**WHAT YOU WILL DO**
Repeat exactly the lines of the entries below from the one with "Another question: does" through the one with "Additionally, scaling up", both ends included, and nothing else.

**EXERCISE MATERIAL**
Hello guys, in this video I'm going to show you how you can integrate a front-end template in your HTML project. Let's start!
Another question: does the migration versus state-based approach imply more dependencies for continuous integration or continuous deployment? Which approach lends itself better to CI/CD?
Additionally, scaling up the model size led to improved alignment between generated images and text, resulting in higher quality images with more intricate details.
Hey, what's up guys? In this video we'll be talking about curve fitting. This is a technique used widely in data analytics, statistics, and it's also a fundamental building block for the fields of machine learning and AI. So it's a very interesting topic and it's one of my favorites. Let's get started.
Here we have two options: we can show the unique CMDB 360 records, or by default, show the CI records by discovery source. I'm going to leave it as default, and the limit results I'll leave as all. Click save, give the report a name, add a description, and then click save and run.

==

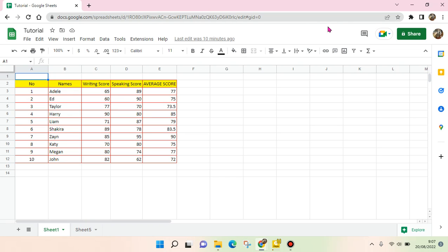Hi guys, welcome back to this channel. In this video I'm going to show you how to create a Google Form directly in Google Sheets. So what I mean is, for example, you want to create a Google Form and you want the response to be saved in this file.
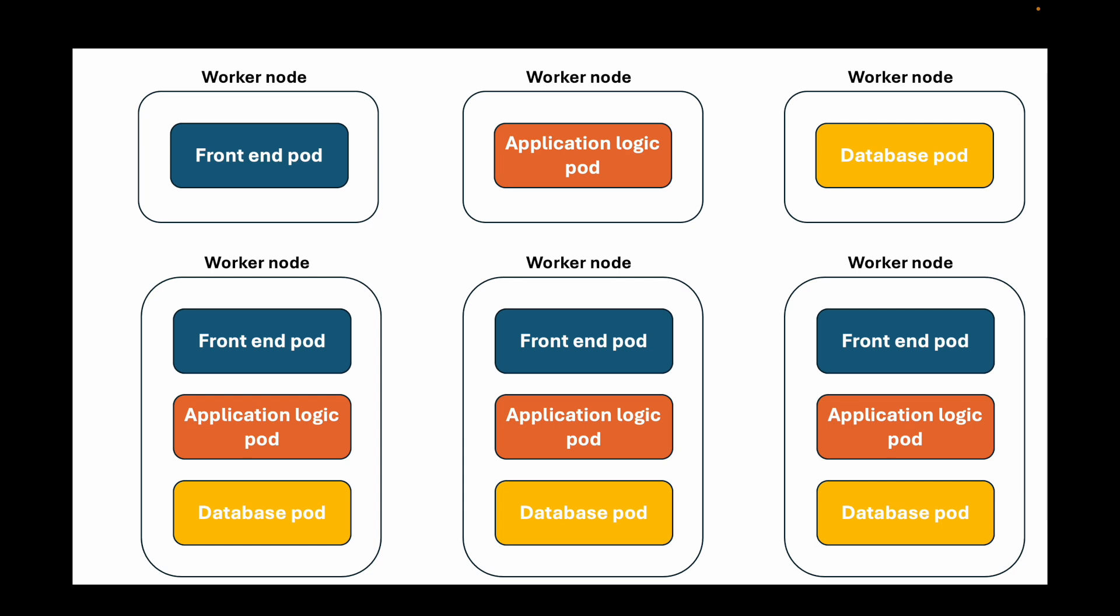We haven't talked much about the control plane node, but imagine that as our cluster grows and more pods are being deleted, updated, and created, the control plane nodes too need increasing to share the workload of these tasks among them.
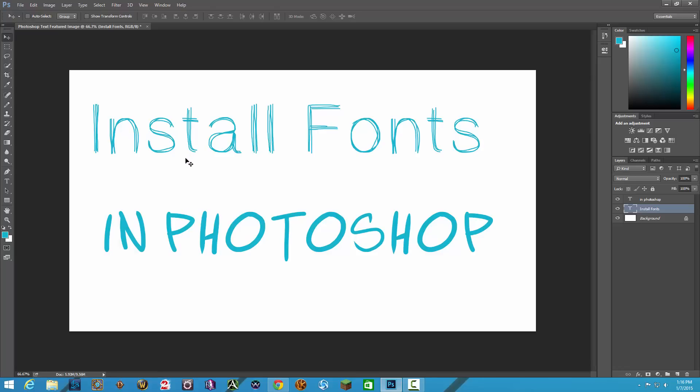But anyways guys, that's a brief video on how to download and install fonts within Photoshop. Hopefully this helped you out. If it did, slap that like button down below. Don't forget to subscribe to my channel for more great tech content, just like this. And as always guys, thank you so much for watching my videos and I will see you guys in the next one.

**ANSWER FOR THIS EXERCISE**
Another question: does the migration versus state-based approach imply more dependencies for continuous integration or continuous deployment? Which approach lends itself better to CI/CD?
Additionally, scaling up the model size led to improved alignment between generated images and text, resulting in higher quality images with more intricate details.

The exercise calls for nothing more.